▸ **Your assignment**
Set down, word for word, the stretch of lines from the one containing "Holiday Inn Express & Suites Logan" to the end of the records below.

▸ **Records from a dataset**
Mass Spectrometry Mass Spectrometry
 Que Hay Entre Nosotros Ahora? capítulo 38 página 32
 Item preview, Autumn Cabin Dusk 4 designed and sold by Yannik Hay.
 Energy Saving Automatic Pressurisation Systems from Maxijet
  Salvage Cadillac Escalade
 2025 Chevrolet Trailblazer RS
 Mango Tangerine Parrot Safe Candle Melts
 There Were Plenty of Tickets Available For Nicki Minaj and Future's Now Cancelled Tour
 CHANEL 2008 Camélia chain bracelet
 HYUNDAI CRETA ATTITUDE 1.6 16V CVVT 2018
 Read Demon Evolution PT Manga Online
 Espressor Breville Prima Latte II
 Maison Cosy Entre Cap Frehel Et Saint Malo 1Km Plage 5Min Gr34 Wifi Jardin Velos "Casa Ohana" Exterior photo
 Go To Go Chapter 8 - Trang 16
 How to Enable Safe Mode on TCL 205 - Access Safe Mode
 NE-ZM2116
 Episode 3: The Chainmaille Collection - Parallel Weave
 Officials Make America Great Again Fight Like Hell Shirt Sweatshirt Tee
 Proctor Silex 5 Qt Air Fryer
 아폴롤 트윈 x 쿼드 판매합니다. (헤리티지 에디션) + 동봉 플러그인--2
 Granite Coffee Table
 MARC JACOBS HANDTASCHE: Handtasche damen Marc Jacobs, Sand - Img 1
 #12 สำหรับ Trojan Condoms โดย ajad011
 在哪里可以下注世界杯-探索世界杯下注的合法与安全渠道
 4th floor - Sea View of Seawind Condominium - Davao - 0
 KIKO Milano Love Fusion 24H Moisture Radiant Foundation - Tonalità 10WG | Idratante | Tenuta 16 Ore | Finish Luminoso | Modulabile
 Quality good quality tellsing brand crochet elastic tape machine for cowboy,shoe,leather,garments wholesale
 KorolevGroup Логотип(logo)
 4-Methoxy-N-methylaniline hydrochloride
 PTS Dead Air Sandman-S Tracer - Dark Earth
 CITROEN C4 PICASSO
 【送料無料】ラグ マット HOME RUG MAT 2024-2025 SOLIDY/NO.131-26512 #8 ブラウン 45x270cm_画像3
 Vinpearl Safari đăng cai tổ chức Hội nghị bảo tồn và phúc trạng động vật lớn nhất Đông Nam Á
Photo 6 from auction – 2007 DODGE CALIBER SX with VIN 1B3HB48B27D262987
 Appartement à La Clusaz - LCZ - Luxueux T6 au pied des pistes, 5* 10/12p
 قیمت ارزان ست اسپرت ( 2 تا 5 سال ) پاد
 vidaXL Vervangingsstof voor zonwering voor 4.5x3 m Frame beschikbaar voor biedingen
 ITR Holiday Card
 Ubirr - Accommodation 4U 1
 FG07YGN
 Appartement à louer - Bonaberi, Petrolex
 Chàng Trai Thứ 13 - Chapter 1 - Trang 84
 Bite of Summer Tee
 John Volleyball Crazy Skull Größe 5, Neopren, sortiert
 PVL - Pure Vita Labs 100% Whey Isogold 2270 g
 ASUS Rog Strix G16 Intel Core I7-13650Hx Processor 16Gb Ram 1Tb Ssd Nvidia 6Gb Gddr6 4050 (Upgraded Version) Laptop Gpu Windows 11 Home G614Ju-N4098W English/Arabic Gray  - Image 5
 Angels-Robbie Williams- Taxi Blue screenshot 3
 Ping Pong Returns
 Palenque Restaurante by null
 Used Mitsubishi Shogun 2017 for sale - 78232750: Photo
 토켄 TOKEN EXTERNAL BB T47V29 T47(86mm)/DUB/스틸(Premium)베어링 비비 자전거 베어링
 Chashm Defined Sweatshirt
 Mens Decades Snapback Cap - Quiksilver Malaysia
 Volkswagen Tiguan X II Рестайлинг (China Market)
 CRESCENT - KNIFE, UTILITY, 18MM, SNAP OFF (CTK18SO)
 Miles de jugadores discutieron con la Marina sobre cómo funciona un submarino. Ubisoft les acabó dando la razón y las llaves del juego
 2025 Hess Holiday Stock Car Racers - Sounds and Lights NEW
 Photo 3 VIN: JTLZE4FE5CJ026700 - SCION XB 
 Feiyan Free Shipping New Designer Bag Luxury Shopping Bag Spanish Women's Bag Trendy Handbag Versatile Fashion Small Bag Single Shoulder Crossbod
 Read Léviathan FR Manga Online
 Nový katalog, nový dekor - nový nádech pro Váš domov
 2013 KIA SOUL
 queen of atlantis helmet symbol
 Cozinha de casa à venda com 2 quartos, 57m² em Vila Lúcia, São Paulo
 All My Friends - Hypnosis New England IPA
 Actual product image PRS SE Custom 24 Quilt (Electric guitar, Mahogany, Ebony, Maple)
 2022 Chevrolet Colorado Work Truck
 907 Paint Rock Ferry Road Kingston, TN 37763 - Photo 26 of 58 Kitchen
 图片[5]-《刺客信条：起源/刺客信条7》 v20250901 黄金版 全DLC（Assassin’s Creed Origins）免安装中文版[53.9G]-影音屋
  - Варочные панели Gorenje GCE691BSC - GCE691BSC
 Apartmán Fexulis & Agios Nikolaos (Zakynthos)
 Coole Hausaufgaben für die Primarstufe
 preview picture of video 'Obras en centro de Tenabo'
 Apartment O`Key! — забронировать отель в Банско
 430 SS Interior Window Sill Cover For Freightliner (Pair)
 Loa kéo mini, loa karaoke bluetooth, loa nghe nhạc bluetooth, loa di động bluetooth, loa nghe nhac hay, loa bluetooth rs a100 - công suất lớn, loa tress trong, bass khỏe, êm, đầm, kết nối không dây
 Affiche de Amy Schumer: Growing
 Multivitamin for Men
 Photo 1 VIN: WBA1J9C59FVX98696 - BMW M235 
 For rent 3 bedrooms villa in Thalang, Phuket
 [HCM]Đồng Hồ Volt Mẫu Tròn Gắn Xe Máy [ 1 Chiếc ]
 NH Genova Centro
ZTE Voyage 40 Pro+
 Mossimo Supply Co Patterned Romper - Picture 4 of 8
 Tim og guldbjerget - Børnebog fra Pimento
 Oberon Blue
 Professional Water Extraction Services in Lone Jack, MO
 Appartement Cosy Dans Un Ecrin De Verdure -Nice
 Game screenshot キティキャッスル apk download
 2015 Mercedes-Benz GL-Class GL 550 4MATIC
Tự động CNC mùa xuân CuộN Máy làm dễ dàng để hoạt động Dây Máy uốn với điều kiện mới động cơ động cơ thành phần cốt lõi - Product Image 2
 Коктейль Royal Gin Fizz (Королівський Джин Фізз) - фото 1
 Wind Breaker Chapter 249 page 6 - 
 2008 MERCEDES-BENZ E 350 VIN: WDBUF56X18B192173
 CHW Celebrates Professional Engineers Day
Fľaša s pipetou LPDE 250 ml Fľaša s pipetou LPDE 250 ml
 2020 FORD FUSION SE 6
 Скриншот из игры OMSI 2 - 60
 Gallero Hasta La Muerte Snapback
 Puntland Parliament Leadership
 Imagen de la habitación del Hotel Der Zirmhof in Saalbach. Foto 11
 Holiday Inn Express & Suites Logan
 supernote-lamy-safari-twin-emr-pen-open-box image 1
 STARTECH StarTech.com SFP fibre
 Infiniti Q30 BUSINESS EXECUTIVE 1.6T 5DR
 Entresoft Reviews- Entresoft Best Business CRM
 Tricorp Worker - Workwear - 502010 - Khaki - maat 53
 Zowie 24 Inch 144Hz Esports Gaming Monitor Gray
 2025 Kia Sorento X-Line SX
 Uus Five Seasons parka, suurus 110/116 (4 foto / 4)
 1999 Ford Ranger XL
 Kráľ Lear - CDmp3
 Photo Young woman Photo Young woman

▸ **Written response**
 Holiday Inn Express & Suites Logan
 supernote-lamy-safari-twin-emr-pen-open-box image 1
 STARTECH StarTech.com SFP fibre
 Infiniti Q30 BUSINESS EXECUTIVE 1.6T 5DR
 Entresoft Reviews- Entresoft Best Business CRM
 Tricorp Worker - Workwear - 502010 - Khaki - maat 53
 Zowie 24 Inch 144Hz Esports Gaming Monitor Gray
 2025 Kia Sorento X-Line SX
 Uus Five Seasons parka, suurus 110/116 (4 foto / 4)
 1999 Ford Ranger XL
 Kráľ Lear - CDmp3
 Photo Young woman Photo Young woman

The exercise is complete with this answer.